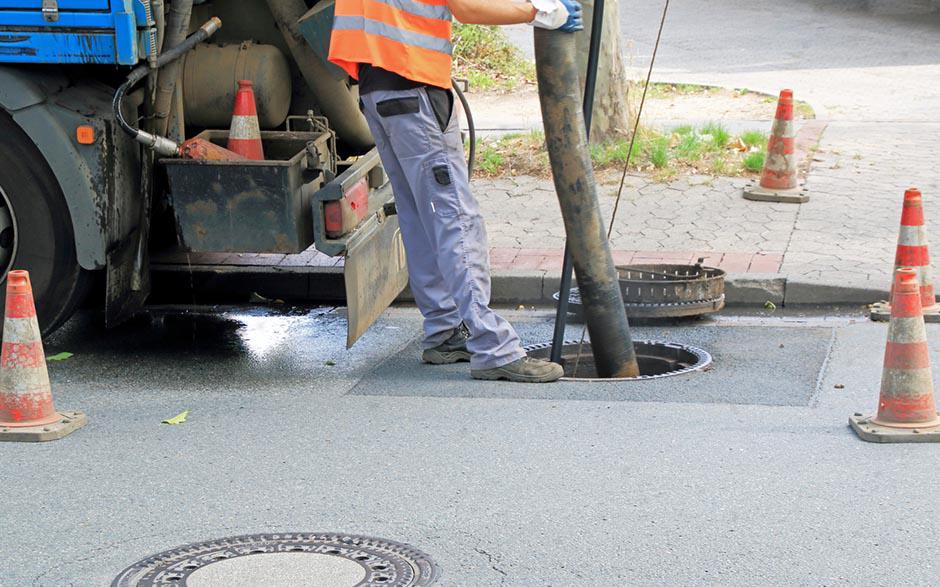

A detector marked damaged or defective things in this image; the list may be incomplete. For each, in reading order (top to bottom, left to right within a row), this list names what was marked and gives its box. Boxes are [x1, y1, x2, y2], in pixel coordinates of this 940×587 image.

rusty metal container [162, 130, 334, 254]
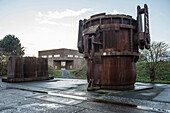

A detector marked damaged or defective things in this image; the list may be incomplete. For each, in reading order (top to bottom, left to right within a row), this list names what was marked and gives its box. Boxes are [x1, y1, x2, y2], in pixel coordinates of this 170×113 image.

rusted metal wall [3, 56, 50, 82]
rusty steel cylinder [77, 4, 150, 90]
rusted metal wall [77, 4, 150, 90]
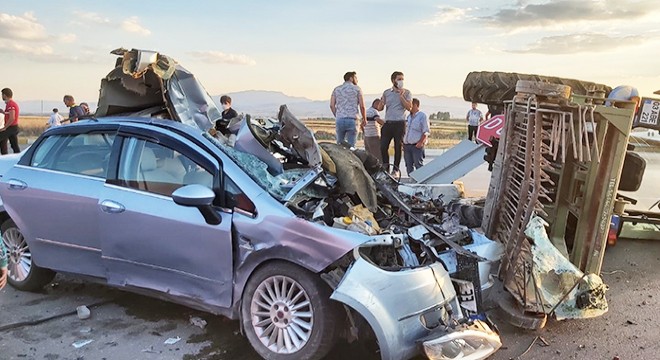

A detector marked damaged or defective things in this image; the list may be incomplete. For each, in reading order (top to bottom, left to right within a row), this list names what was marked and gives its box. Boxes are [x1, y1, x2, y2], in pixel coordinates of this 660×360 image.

overturned vehicle [0, 49, 500, 358]
severely damaged car [0, 48, 500, 360]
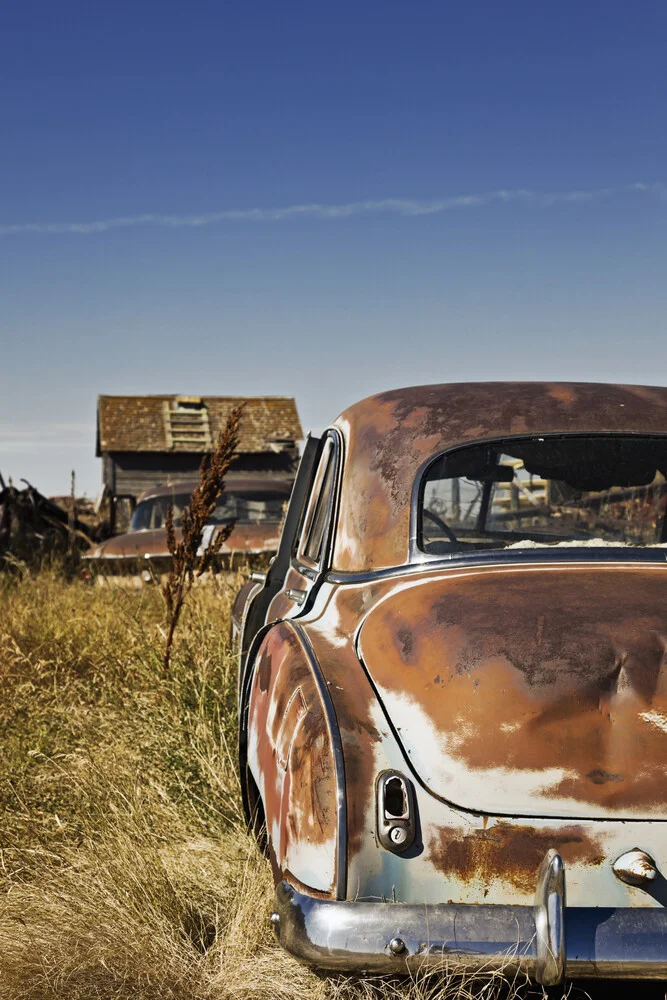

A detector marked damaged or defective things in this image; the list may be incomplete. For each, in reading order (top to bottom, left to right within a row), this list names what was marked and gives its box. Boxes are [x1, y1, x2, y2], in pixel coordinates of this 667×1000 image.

rusty car [85, 474, 290, 584]
broken rear window [418, 434, 667, 552]
rusty car [234, 382, 667, 984]
rust patch [430, 824, 608, 896]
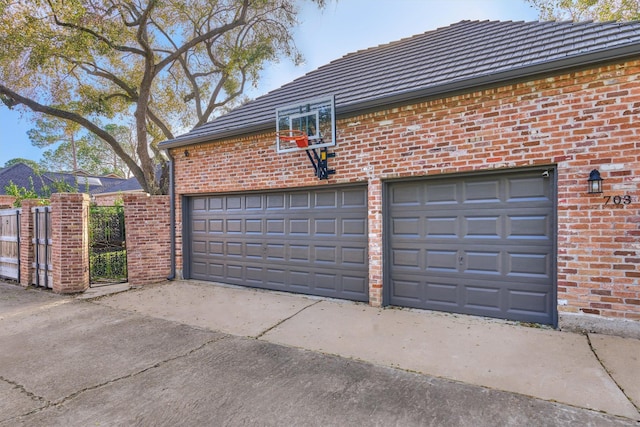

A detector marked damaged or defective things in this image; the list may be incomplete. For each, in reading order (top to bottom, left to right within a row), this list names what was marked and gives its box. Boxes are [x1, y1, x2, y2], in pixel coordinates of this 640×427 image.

driveway crack [584, 334, 640, 414]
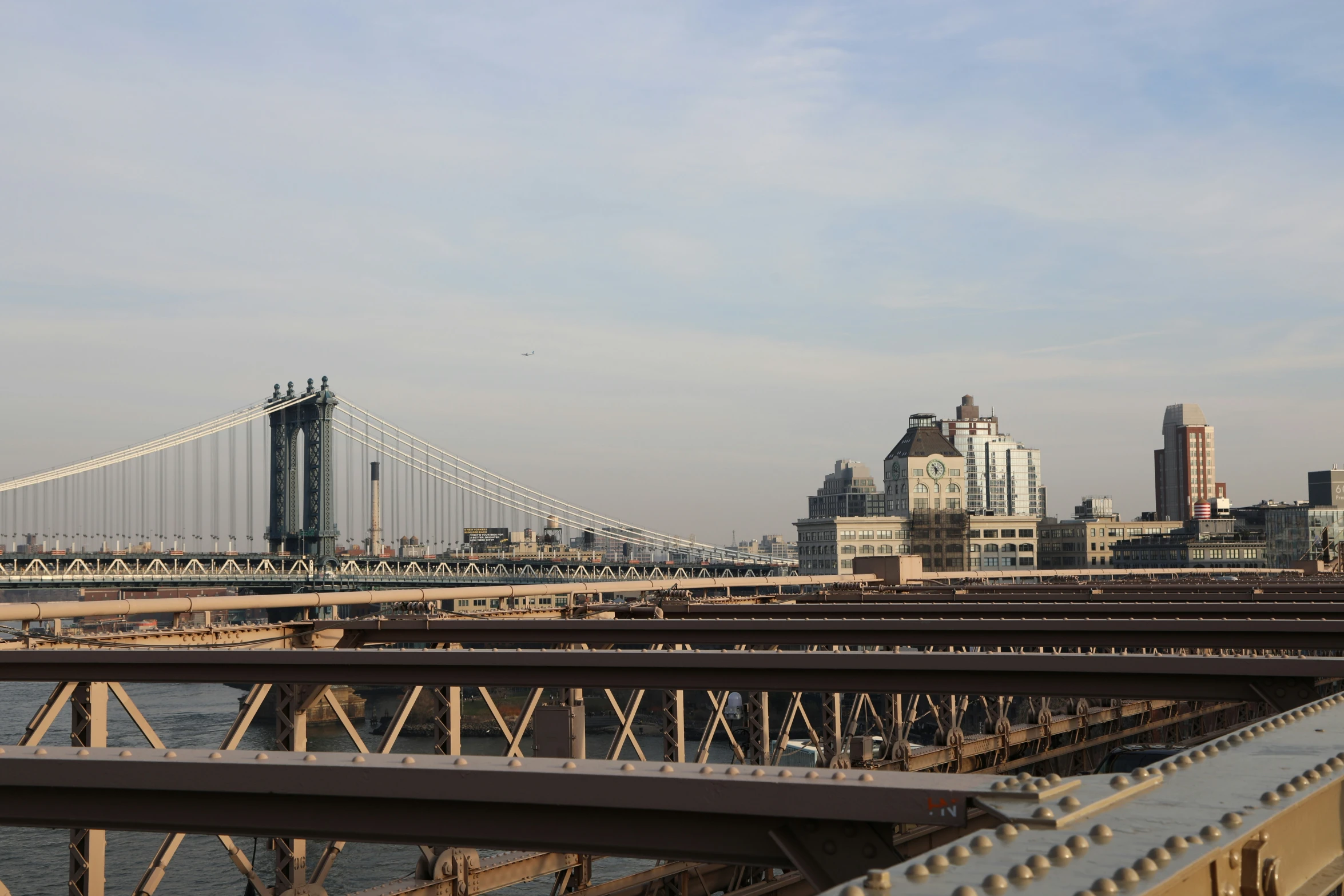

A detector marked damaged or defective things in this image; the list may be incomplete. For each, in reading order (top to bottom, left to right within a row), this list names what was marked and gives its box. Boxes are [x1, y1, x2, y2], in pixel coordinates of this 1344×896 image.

rusted brown steel beam [323, 618, 1344, 652]
rusted brown steel beam [0, 647, 1327, 709]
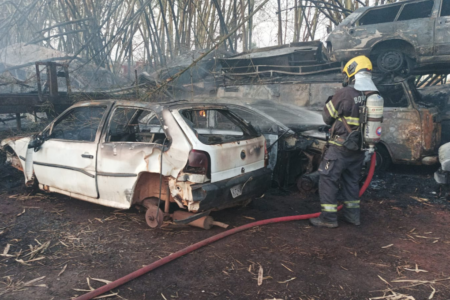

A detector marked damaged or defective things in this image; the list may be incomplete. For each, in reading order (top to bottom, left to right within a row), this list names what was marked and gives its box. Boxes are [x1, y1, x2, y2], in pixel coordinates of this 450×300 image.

burnt car body [326, 0, 450, 74]
burned car [326, 0, 450, 74]
burnt pickup truck [326, 0, 450, 74]
burned car [1, 100, 270, 227]
white burned car [1, 101, 270, 227]
burnt car body [2, 101, 270, 225]
rusted wheel rim [145, 205, 164, 229]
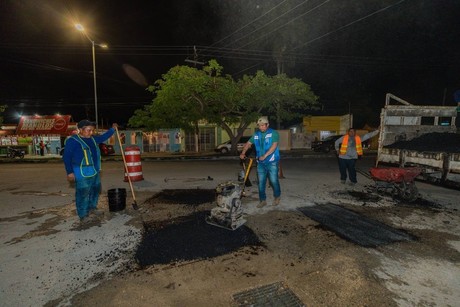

********

▶ [TASK OBJECTIVE] Once you find the line that contains "this 450×300 image.", give it again along with every later line through the end of the data, word for word, minus the pictures.

▶ [FINISHED EXERCISE]
A detector marked damaged or defective things in this image; the list may be incomplete. For each, in reading order (top to bottom, left to right within a row), this list names what was marked and gives its box. Boxes are [x1, y1, x2, y2], in pixel coordinates of this 450×300 image.

burnt car body [326, 0, 450, 74]
burned car [326, 0, 450, 74]
burnt pickup truck [326, 0, 450, 74]
burned car [1, 100, 270, 227]
white burned car [1, 101, 270, 227]
burnt car body [2, 101, 270, 225]
rusted wheel rim [145, 205, 164, 229]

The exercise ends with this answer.